Ora, perché la scelta di Hohn? La direttrice della galleria Bruna Roccasalva spiega: «perché in un momento storico in cui si faceva strada l’istitutional critique e si guardava con sospetto alla pittura, Ull Hohn ha portato avanti una ricerca in grado di far convivere questa pratica con l’approccio teorico predominante in quel momento, e perché al di là del valore che ha avuto all’interno di quel contesto storico-artistico la sua ricerca è ancora attuale se ricondotta a un più generale dibattito sulla pittura.»
Nella breve biografia dell’artista tedesco, a voler essere schematici, due esperienze sembrano essere alla base della sua formazione: gli studi iniziali, quelli all’Accademia di Düsseldorf con il grande Gerhard Richter e l’esperienza del “Whitney Independent Study Program” a New York.

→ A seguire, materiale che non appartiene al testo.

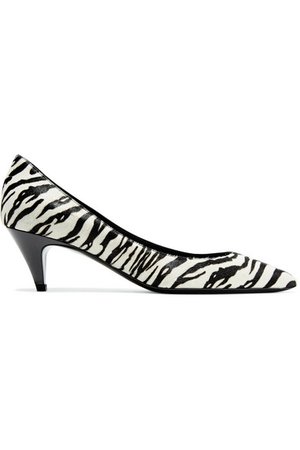 Saint Laurent | Charlotte zebra-print calf hair pumps | NET-A-PORTER.COM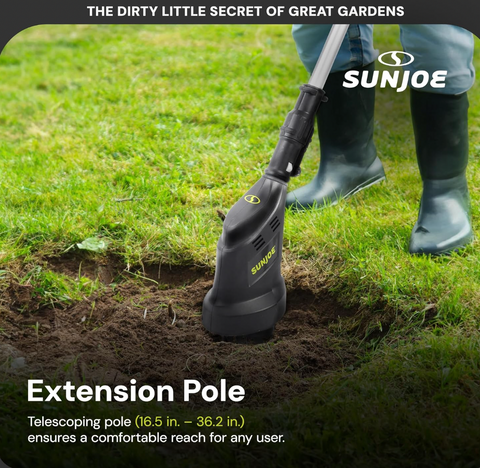 Restored Sun Joe 24V 24V-CTLR-LTE | 2-in-1 Hand Held & Long Handle Tiller Cultivator (Refurbished)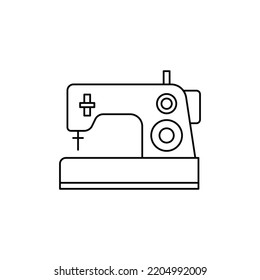 Icono de máquina de coser en el icono de estilo de línea, aislado en fondo blanco
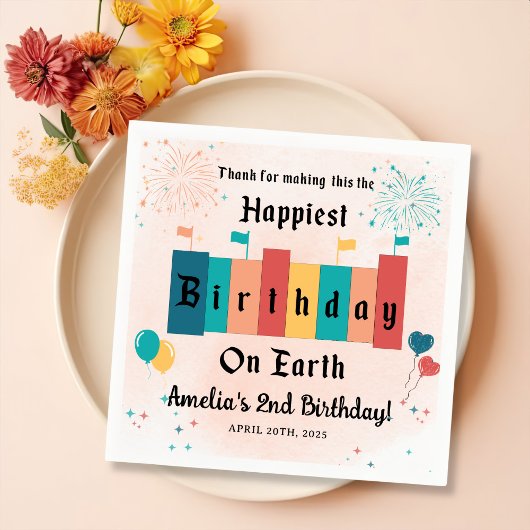 Serviette En Papier Magical Happiest Girl Birthday Party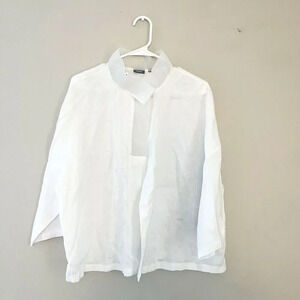 Amelline Womens White Blouse XL Top Linen Long Sleeve Pleated Collared Pullover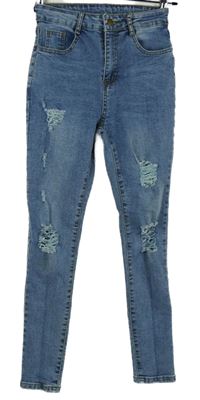 Dámské světlemodré skinny rifle s prošoupáním Shein 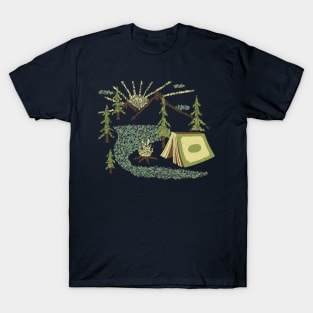 Camping Inside a Book I love to Read Illustration Made With Letters T-Shirt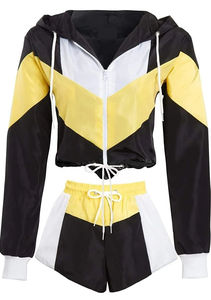 Conjunto Deportivo Cortavientos de Moda para Mujer, Material de Nailon/Poliéster, Conjunto de 2 Piezas con Cremallera y Tela Personalizable - Product Image 4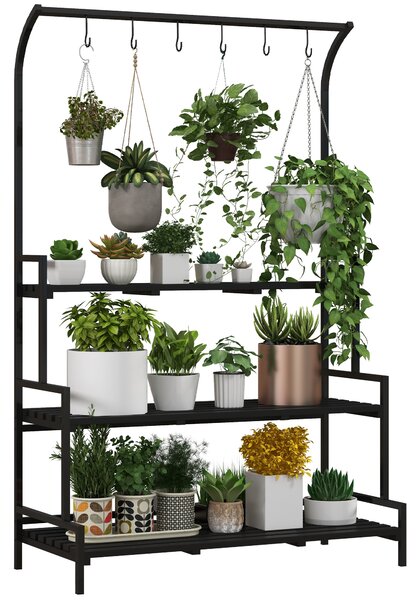 Outsunny 3 Tiered Plant Rack with Hanging Hooks, Tall Plant Stand for Indoor Outdoor Porch Balcony Use, Black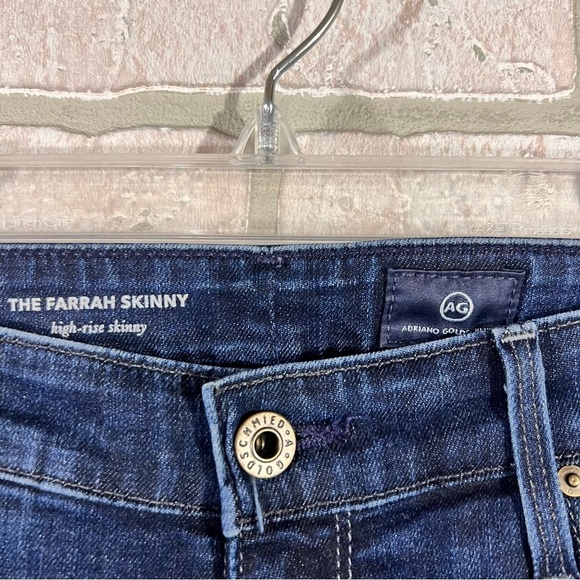 Ag The Farrah High Rise Skinny Jeans in Dark Wash Size 29 - Picture 10 of 11
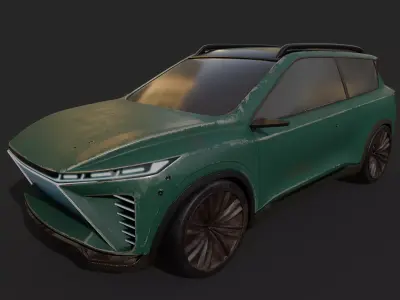 damaged crossover car 3D model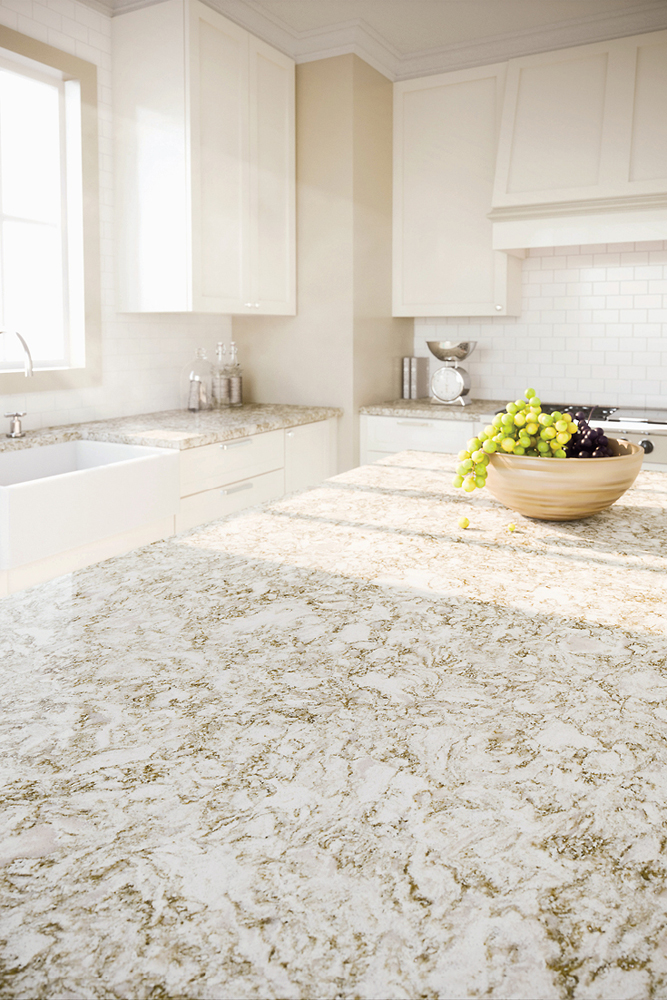 Large quart kitchen counter top with intricate design in white and brown.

E in merito, si potrebbe suggerire che con la prima ci sia l’acquisizione di un saper-fare pittorico come condizione si base e che con la seconda, invece, ci sia l’acquisizione di una specifica consapevolezza teorica e concettuale.

La mostra presenta una disposizione non cronologica di una selezione di opere dell’artista che attinge da due importanti serie da lui realizzate nel 1988, cioè Nine Landscapes e Off The Wall, poste in due pareti diametralmente opposte all’inizio e alla fine dello spazio espositivo. Fra questi due limiti sono poi presentate le fasi del lavoro e quindi della ricerca di Hohn, in un percorso in dialogo con l’opera di Tom Burr – al di là del rapporto di natura privata tra l’artista tedesco e l’artista americano, l’affinità si basa anche sul medesimo contesto storico-artistico (la presenza di entrambi nel Whitney Program).

Alla fine, quel che si mostra è un insieme di stili e registri diversi dove, nella sperimentazione dell’artista, si può vedere la pratica pittorica come orizzonte di senso, eterno ritorno di una azione che passa, per esempio, attraverso la mediazione della pittura di paesaggio: dai riferimenti all’arte di Albert Bierstadt e all’Hudson River School agli esercizi didattici memori del programma televisivo di Bob Ross, Joy of Painting. In fondo, un qualcosa di perfettamente coerente con la ricerca di Peep Hole, come conferma di una necessità di guardare al futuro da diversi punti di vista, solidi quanto una tradizione e però aperti all’immaginazione: come, appunto, lo sguardo tramite uno spioncino.